There is much to commend. An overview of Paul’s life and thought is provided, synthesising Acts and the Pauline letters. Extra-biblical material is also utilised to enhance our understanding. This endeavour to summarise Paul’s writings, putting each letter into its context, is enormously valuable.

There are many insightful nuggets. Remarks on the idea of ‘zeal’ in the Jewish setting of Paul’s childhood provide a useful sidelight on the apostle. An argument that Paul’s visit to Arabia (mentioned in Galatians) was likely a trip to Sinai carries plenty of theological weight. Reading Romans in the light of its sixteenth chapter (where Paul sends greetings to many small groups) is essential to grasp Paul’s purpose in writing to Rome.

Some of Wright’s metaphors are striking. As ‘daytime’ people living in a world of darkness, Christians live with ‘theological jetlag’. Unusually and commendably for a modern academic, Wright thinks that the whole Pauline corpus is actually Pauline in authorship.

There is, however, much to censure. Wright’s prose is inflated. He says, ‘This is what really made Paul tick’, or some variant thereof, often enough to be irritating. The book is also rather lengthy, and Wright sets up straw men rather too frequently. How many Christians use the term ‘conversion’ to mean changing religion, rather than simply coming to faith in Christ? How many really think Christianity is all about going to heaven when you die as opposed to the resurrection of the body and the new heavens and new earth? At times, it seems that he is writing to correct a caricature of his former self.

Most seriously, there are points where Wright either cannot think clearly or cannot express his thought. He is confused and confusing at precisely those points where there has been a great deal of controversy and where informed readers will be hoping for pinpoint clarity. While this book is not an attempt to rehash the New Perspective on Paul (NPP) debates, Wright’s version of the NPP inevitably comes through by putting a finger on what he thinks is next to impossible.

At different points, he describes faith as, ‘the thing that showed whether somebody was really part of this new community’ (p.91), ‘confessing that Jesus is Lord and believing that God raised him from the dead’ (p.161) and ‘Jesus-shaped loyalty’ (p.148). These are not the same thing.

In a single passage (p.328-9), faith is ‘the badge of membership in Abraham’s family’, which is to say a token worn by those who have already become group-members. It is something by which someone ‘reaches out to grasp the promise’, which is to say an active mechanism by which someone becomes and remains a group member.

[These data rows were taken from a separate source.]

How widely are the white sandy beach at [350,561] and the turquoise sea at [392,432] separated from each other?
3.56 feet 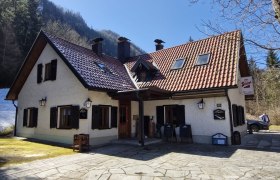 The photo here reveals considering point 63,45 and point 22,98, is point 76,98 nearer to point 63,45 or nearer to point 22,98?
point 63,45

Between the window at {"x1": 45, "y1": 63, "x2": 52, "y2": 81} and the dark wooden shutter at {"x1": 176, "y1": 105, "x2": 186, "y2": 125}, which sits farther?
the window at {"x1": 45, "y1": 63, "x2": 52, "y2": 81}

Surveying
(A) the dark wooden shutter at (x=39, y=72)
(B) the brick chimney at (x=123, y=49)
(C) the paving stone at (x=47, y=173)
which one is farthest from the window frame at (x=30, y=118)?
(C) the paving stone at (x=47, y=173)

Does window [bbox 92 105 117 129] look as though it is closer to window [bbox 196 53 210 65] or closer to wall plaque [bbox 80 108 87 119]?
wall plaque [bbox 80 108 87 119]

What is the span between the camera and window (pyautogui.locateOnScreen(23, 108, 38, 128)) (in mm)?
16203

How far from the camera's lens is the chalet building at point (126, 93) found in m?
12.8

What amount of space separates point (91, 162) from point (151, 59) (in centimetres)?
1224

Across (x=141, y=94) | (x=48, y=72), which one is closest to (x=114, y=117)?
(x=141, y=94)

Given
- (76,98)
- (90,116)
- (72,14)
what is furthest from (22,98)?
(72,14)

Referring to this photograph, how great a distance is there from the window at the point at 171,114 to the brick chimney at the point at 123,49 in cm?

While this may be ‘playing the man and not the ball’, I suspect that the muddle stems from Wright’s position in the Anglican Church. He finds it necessary to count as Christians plenty of folk who would not be received into membership of healthy nonconformist evangelical churches; he is reluctant to define ‘faith’ in a way that would exclude too many members of his church and its hierarchy.

Overall, a reader seeking a better grasp of the unfolding of the history of the early churches, and of Paul’s letters to them and to those involved with them, would find clearer thinking and sharper prose in F. F. Bruce’s Apostle of the Free Spirit.